Home

Awesome

HTML Massage Build Status Gem Version

Supported Ruby versions

Ruby 2.1 and above.

Summary

Massaging from the command line

html_massage html https://en.wikipedia.org/wiki/Technological_singularity > singularity.html
html_massage text https://en.wikipedia.org/wiki/Technological_singularity > singularity.txt
html_massage markdown https://en.wikipedia.org/wiki/Technological_singularity > singularity.md

These files will look something like:

==> singularity.html <==
<h1 id="firstHeading" class="firstHeading"><span dir="auto">Technological singularity</span></h1>

<p>The <b>technological singularity</b> is the theoretical emergence of greater-than-human <a href="/wiki/Superintelligence" title="Superintelligence">superintelligence</a> through technological means.<sup id="cite_ref-1" class="reference"><a href="#cite_note-1"><span>[</span>1<span>]</span></a></sup> Since the capabilities of such intelligence would be difficult for an unaided human mind to comprehend, the occurrence of a technological singularity is seen as an intellectual <a href="/wiki/Event_horizon" title="Event horizon">event horizon</a>, beyond which events cannot be predicted or understood.</p>
...

==> singularity.md <==
# Technological singularity

The **technological singularity** is the theoretical emergence of greater-than-human [superintelligence](https://en.wikipedia.org/wiki/Superintelligence "Superintelligence") through technological means. [1] Since the capabilities of such intelligence would be difficult for an unaided human mind to comprehend, the occurrence of a technological singularity is seen as an intellectual [event horizon](https://en.wikipedia.org/wiki/Event_horizon "Event horizon") , beyond which events cannot be predicted or understood.
...

==> singularity.txt <==
Technological singularity

The technological singularity is the theoretical emergence of greater-than-human superintelligence through technological means.[1] Since the capabilities of such intelligence would be difficult for an unaided human mind to comprehend, the occurrence of a technological singularity is seen as an intellectual event horizon, beyond which events cannot be predicted or understood.
...

Massaging from Ruby

Full Massage

require 'html_massage'

html = %{
  <html>
    <head>
      <script type="text/javascript">document.write('I am a bad script');</script>
    </head>
    <body>
      <div id="header">My Site</div>
      <div>This is some <i>great</i> content!</div>
    </body>
  </html>
}

HtmlMassage.html( html )
# => "<div>This is some <i>great</i> content!</div>"

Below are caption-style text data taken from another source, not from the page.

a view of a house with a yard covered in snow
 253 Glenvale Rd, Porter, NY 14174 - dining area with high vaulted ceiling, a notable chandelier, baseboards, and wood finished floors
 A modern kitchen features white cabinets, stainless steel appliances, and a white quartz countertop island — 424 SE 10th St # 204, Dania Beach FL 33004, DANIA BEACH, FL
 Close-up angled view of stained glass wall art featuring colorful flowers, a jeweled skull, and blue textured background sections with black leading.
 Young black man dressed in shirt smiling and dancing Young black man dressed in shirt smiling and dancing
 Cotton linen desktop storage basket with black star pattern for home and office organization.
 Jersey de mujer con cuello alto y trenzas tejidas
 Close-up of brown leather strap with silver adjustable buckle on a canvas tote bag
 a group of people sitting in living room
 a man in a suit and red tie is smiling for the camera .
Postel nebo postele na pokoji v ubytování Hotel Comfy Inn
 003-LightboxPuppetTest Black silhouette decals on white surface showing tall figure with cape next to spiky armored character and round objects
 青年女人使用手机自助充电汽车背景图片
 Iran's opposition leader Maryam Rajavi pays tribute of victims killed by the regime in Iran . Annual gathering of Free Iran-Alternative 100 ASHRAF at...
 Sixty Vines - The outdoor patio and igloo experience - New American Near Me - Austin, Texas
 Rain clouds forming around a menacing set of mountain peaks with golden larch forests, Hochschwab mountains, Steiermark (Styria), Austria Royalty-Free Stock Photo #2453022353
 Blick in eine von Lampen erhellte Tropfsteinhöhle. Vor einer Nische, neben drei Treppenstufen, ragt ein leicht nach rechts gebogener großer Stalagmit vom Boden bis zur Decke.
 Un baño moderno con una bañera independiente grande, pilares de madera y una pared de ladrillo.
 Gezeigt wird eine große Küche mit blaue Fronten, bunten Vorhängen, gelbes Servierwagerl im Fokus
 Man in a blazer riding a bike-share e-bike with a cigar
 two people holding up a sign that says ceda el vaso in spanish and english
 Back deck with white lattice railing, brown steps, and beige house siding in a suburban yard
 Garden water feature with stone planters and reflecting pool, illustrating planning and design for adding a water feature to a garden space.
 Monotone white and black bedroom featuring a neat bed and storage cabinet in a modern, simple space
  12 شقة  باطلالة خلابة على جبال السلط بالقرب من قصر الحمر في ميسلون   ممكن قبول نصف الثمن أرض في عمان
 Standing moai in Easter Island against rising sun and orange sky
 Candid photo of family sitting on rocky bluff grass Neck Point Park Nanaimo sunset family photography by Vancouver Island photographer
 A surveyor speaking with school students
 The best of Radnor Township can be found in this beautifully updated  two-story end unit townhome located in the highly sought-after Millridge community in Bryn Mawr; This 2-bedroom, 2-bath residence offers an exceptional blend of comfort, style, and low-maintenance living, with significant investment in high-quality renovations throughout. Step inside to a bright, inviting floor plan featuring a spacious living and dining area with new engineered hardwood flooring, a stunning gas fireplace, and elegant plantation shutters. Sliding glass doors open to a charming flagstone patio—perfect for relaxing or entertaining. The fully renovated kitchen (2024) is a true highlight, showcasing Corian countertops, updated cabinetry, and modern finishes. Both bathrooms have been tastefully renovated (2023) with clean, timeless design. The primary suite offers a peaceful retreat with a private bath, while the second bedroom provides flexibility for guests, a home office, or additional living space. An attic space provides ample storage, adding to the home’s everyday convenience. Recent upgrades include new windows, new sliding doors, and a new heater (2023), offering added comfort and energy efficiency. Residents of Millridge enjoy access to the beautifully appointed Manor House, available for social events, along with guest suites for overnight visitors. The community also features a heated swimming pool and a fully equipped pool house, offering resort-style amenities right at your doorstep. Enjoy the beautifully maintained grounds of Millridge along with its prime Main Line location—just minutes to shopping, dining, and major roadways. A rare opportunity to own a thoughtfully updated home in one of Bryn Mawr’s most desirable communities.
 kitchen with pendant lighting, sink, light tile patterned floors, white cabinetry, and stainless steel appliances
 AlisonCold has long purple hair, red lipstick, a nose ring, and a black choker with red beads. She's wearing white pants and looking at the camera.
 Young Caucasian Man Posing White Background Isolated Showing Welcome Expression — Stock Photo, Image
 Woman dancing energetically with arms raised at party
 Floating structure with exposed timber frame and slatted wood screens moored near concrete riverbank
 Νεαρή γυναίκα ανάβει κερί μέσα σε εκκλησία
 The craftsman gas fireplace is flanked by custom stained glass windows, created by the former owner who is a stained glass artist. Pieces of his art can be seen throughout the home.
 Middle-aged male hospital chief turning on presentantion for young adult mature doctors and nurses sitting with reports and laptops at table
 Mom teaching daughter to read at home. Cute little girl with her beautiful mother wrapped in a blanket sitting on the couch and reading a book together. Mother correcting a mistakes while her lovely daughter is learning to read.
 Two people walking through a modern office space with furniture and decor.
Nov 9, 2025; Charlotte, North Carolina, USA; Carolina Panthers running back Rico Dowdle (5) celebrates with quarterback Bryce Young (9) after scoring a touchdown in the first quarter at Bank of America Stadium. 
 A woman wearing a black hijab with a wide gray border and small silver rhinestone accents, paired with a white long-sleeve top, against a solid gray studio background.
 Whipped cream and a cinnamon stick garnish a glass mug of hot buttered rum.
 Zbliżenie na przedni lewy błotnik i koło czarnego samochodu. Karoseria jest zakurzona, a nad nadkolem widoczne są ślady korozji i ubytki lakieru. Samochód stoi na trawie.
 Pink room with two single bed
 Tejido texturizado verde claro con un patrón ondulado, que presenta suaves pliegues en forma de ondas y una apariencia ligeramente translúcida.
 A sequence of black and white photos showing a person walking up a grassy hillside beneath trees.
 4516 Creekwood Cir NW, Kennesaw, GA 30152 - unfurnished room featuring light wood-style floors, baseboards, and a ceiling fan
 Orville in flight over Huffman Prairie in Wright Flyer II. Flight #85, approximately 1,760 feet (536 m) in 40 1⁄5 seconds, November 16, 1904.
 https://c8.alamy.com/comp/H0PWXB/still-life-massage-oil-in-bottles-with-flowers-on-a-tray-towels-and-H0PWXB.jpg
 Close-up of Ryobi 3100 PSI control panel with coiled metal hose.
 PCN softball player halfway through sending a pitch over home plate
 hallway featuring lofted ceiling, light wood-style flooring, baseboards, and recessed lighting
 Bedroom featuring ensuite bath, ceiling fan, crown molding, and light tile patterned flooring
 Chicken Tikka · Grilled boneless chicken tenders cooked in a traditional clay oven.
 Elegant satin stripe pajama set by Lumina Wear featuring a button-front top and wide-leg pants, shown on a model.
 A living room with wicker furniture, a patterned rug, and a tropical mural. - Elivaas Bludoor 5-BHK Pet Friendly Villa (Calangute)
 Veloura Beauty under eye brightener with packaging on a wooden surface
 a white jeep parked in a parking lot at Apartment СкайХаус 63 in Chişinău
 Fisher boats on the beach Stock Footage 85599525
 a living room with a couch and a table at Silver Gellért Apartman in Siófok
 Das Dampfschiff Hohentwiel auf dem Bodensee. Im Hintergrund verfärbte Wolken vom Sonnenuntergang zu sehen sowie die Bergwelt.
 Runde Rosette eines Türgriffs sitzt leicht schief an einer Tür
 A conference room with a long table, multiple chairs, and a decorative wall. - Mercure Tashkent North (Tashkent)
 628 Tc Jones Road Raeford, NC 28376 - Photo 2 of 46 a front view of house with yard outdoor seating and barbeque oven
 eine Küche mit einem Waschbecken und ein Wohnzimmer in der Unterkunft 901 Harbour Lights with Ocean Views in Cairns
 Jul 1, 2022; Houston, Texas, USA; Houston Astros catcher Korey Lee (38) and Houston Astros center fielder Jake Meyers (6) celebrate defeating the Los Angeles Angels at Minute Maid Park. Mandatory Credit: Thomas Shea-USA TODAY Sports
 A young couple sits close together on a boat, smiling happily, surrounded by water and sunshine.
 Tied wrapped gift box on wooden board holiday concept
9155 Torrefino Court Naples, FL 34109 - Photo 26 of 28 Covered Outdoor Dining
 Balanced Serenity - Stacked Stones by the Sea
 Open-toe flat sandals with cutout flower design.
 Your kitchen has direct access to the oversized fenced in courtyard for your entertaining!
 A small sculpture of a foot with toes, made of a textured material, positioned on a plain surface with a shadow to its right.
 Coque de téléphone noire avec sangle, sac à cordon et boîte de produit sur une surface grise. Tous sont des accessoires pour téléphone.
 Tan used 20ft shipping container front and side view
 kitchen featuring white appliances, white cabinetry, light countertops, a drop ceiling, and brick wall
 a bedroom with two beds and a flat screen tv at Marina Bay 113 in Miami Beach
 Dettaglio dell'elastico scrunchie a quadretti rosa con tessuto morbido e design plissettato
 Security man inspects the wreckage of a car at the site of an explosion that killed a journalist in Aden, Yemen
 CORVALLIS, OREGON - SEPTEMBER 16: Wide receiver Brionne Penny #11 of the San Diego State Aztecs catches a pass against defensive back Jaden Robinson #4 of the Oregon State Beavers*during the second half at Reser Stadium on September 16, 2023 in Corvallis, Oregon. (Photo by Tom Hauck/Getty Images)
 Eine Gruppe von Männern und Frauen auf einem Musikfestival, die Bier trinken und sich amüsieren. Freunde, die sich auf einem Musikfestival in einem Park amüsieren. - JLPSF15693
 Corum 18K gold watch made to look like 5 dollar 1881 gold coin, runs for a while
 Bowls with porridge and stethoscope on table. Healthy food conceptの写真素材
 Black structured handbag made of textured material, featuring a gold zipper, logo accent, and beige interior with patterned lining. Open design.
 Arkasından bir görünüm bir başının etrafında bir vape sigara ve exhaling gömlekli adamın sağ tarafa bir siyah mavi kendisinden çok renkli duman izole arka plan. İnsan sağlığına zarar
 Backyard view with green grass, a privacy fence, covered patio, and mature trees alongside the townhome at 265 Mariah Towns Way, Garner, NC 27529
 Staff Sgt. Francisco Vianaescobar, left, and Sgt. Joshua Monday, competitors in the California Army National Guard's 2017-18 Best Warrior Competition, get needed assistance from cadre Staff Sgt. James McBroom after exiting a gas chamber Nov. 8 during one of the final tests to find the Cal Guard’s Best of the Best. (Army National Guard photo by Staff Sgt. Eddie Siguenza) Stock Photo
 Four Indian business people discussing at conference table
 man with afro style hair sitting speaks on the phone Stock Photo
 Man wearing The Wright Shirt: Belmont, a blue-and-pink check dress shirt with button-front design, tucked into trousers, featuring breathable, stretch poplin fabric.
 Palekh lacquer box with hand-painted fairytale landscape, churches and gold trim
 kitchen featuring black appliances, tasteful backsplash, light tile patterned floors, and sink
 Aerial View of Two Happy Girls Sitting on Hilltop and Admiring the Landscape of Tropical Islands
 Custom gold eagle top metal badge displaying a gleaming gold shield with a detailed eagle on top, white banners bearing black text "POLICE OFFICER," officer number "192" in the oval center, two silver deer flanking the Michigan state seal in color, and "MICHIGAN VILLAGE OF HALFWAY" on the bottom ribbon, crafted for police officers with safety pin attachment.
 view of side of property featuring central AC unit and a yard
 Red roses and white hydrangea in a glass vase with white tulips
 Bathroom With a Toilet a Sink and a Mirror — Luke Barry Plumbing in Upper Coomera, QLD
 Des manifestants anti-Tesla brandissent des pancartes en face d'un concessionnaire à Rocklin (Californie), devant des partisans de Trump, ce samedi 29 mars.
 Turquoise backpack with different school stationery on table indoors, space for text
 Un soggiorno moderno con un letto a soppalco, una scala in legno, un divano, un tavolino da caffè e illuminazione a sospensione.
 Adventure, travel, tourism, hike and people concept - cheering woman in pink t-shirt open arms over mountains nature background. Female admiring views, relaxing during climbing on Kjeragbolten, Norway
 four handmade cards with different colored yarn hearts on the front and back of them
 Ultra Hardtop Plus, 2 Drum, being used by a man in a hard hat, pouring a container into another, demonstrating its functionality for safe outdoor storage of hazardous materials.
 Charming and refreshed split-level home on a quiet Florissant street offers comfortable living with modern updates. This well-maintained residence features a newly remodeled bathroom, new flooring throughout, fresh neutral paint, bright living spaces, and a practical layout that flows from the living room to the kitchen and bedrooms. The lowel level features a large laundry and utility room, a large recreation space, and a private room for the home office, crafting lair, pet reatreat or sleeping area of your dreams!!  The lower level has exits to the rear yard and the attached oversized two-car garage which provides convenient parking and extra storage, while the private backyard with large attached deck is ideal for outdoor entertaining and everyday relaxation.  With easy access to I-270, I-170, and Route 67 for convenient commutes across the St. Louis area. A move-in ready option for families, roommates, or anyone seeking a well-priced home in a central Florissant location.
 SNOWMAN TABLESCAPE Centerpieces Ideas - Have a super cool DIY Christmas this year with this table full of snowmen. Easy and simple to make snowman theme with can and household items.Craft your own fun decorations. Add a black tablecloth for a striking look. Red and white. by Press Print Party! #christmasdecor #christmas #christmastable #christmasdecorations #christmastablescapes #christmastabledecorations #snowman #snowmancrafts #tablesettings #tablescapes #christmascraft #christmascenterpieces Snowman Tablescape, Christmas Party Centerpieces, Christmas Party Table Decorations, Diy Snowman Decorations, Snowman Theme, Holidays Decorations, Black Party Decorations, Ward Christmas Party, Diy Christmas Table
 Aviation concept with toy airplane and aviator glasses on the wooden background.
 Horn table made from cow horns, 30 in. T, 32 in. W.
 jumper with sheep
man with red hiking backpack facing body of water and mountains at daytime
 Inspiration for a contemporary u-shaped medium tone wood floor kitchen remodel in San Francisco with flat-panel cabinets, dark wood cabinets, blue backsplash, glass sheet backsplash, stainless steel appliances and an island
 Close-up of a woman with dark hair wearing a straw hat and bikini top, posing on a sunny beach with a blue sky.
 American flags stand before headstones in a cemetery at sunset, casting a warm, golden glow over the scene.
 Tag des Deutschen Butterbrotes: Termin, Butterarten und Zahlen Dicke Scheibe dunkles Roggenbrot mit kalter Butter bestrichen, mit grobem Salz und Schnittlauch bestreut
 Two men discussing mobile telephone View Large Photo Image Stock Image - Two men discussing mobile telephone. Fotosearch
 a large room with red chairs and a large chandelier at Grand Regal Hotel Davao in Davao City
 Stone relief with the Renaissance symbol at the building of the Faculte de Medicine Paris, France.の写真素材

HtmlMassage.markdown( html )
# => "This is some _great_ content!"

HtmlMassage.text( html )
# => "This is some great content!"

Custom includes and excludes

html = %{
  <html>
    <body>
      <div class="custom_navigation">some links to other pages...</div>
      <div>This is some <i>great</i> content!</div>
    </body>
  </html>
}

html_massage = HtmlMassage.new( html )
html_massage.exclude!( [ '.custom_navigation' ] )
html_massage.include!( [ 'body' ] )
html_massage.to_html
# => <div>This is some <i>great</i> content!</div>

Sanitize HTML

html = %{
  <html>
    <head>
      <script type="text/javascript">document.write('I am a bad script');</script>
    </head>
    <body>
      <div>This is some <i>great</i> content!</div>
    </body>
  </html>
}

html_massage = HtmlMassage.new( html )
html_massage.sanitize!(  :elements => ['div'] )
html_massage.to_html
# => <div>This is some <i>great</i> content!</div>

Make Links Absolute

html = %{
  <a href ="/foo/bar.html">Click this link</a>
}

html_massage = HtmlMassage.new( html )
html_massage.absolutify_links!( 'http://example.com/joe/page1.html' )
html_massage.to_html
# => <a href ="http://example.com/foo/bar.html">Click this link</a>